On Mon, Feb 18, 2019 at 06:38:25PM +0100, Michal Hocko wrote:
On Mon 18-02-19 17:16:34, Greg KH wrote:
On Mon, Feb 18, 2019 at 10:30:44AM -0500, Rik van Riel wrote:
On Mon, 2019-02-18 at 14:43 +0100, Greg Kroah-Hartman wrote:
4.20-stable review patch. If anyone has any objections, please let me know.
From: Dave Chinner dchinner@redhat.com
commit a9a238e83fbb0df31c3b9b67003f8f9d1d1b6c96 upstream.
This reverts commit 172b06c32b9497 ("mm: slowly shrink slabs with a relatively small number of objects").
This revert will result in the slab caches of dead cgroups with a small number of remaining objects never getting reclaimed, which can be a memory leak in some configurations.
But hey, that's your tradeoff to make.
That's what is in Linus's tree. Should we somehow diverge from that?
I believe we should start working on a memcg specific solution to minimize regressions for others and start a more complex solution from there.
Can we special case dead memcgs in the slab reclaim and reclaim more aggressively?
It's probably better to start a new thread to discuss this issue (btw, doesn't LSF/MM looks like the best place to do it? I can send a proposal).
But I don't think dead cgroups are any special here. At the moment when a cgroup is deleted, associated slab objects can be perfectly used by processes in other cgroups, so we can't reclaim them. Slab objects (vfs objects first of all) are quite often shared between cgroups, we can't just ignore it.
So in order to avoid leaks we'll need to apply some artificial pressure constantly, and then it's not clear why we need to do it separately for dead and living cgroups.
So I still believe that Rik's/mine approach is the right thing to do, we just need to apply the pressure gently, including all corner cases (e.g. concurrency issues spotted by Dave).
Generally speaking, the problem occurs because the lifecycle of a slab object can be much longer than the lifecycle of the corresponding memory cgroup.
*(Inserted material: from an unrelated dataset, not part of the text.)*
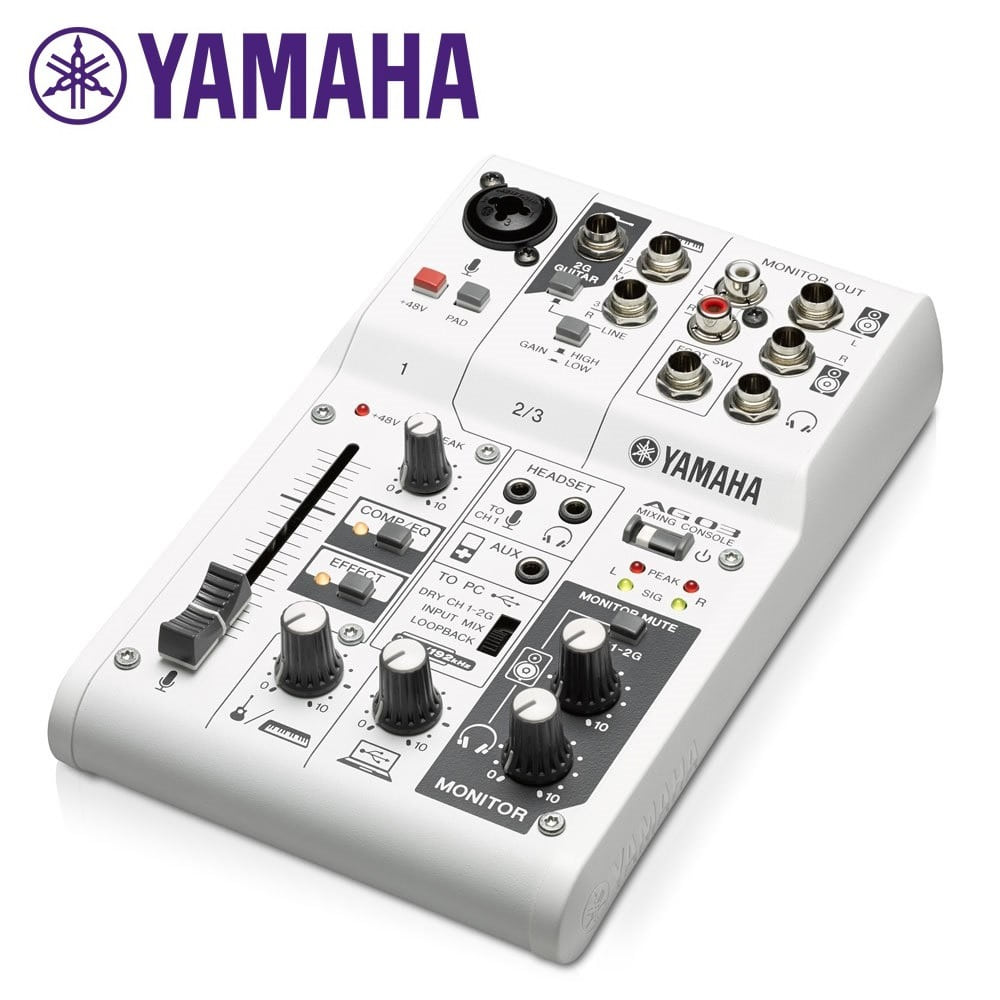 야마하 YAMAHA AG03 USB오디오인터페이스 루프백 믹서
And because we pin the memcg by the object, we're wasting lot of memory. Right now we allow certain amount of vfs objects to reside in the memory pretty much forever unless we have a really strong memory pressure. It's arguable fine because inodes and dentries are relatively small, but if each of them holds a 200kb+ dead memcg, it becomes very noticeable.
So we either have to apply the memory pressure more evenly (what Rik and I are proposing), or completely reparent slab objects on cgroup removal.
Thanks!